How to get overall sentiment for multiple sentences


How do you find the aggregated sentiment of multiple sentences/a paragraph/large passage of text.

I have the following code below which I have based on the github Stanford CoreNLP tests and various examples, but everything I've found has completed sentiment analysis only computes the sentiment for individual sentences. But I want the overall tweet's sentiment regardless of how many sentences are in it.

The only other way I can think of doing this is creating a separate thread for a SentimentPipeline.main(String[]) and feeding the text to stdin and collecting the overall sentiment in sdout. I would prefer just being able to use my code to make it simpler/more efficient, but I haven't found anything.

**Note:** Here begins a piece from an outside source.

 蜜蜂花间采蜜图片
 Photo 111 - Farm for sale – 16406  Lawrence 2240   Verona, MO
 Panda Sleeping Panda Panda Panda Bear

Also, I don't want to do a system call to a jar like most people do as I will be doing millions of tweets per day. The overhead would be too great loading the resources each time.

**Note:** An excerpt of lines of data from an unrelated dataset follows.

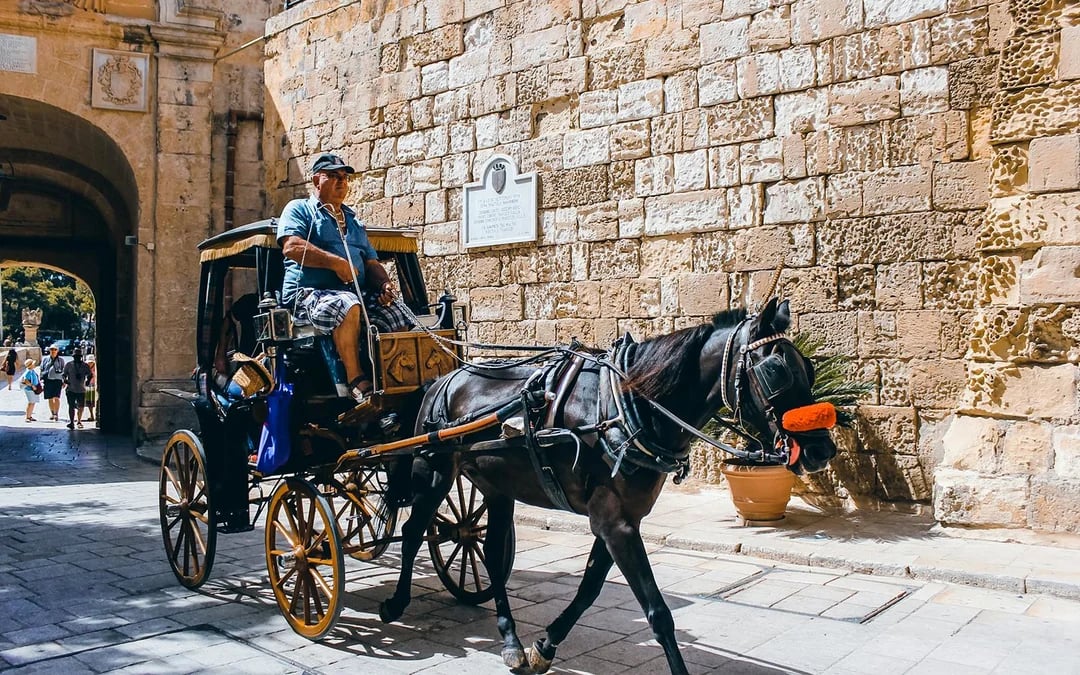 Mdina, Dingli Cliffs & San Anton Botanical Gardens Half-Day Guided Tour with Transports Image 5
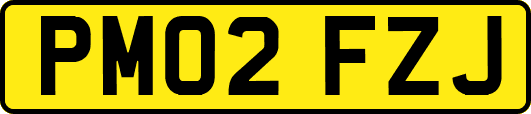 PM02FZJ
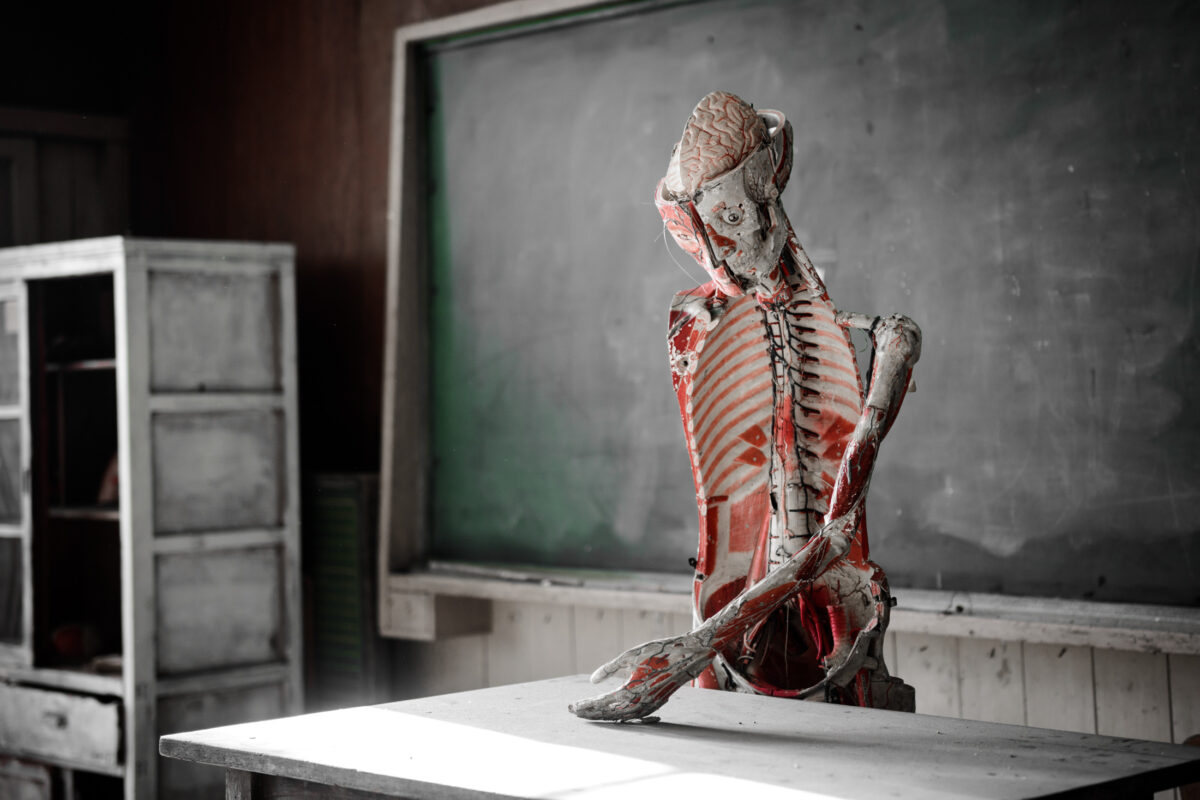Anatomy torso model on desk in abandoned school classroom with dusty chalkboard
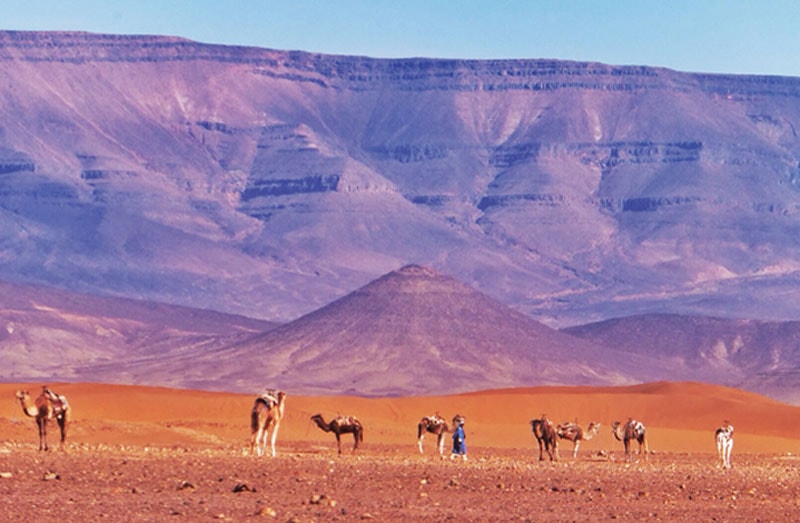 Những vẻ đẹp chỉ có ở Sahara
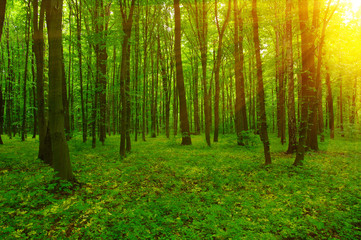  Forest and sun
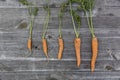 High angle shot of carrots of different sizes on a wooden surface Royalty Free Stock Photo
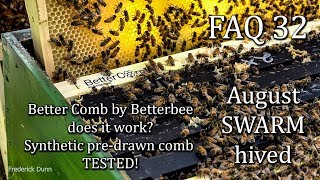 Better Comb by BetterBee Review FAQ 32 Will Honey Bees Produce Brood in Better Comb [upl. by Constanta]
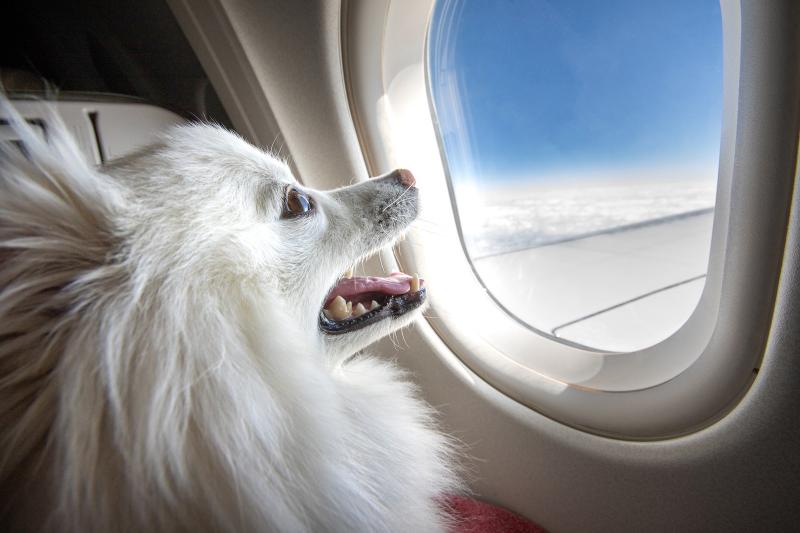 Best Airlines For Pets To Travel Safely LoveToKnow Pets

Annotation document = new Annotation(text);
pipeline.annotate(document);

List<CoreMap> sentences = document.get(SentencesAnnotation.class);
        String output;
        for (CoreMap sentence : sentences) {
            // traversing the words in the current sentence a CoreLabel is a CoreMap with additional token-specific methods
             output = "";
            for (CoreLabel token : sentence.get(TokensAnnotation.class)) {

                // this is the text of the token
                String word = token.get(TextAnnotation.class);

                // this is the Parts Of Speech tag of the token (noun, verb, adjective etc)
                // String pos = token.get(PartOfSpeechAnnotation.class);

                // this is the NER label of the token
                String ne = token.get(NamedEntityTagAnnotation.class);
                if (!ne.contentEquals("O")) {
                    output = output + (ne + " " + word + " ");
                }
            }

            //**************Sentiment Analysis 
            Tree tree = sentence.get(SentimentCoreAnnotations.AnnotatedTree.class);
             String sentiment = RNNCoreAnnotations.getPredictedClass(tree);

Solution

  • The sentiment analysis toolkit in stanford corenlp is trained on a sentence-level data set. If you need a document-level sentiment engine, I think training a new model on documents is a better choice. You can also try to process the sentences one by one, and use some tricky methods (such as average, max) as your baselines to test how it works.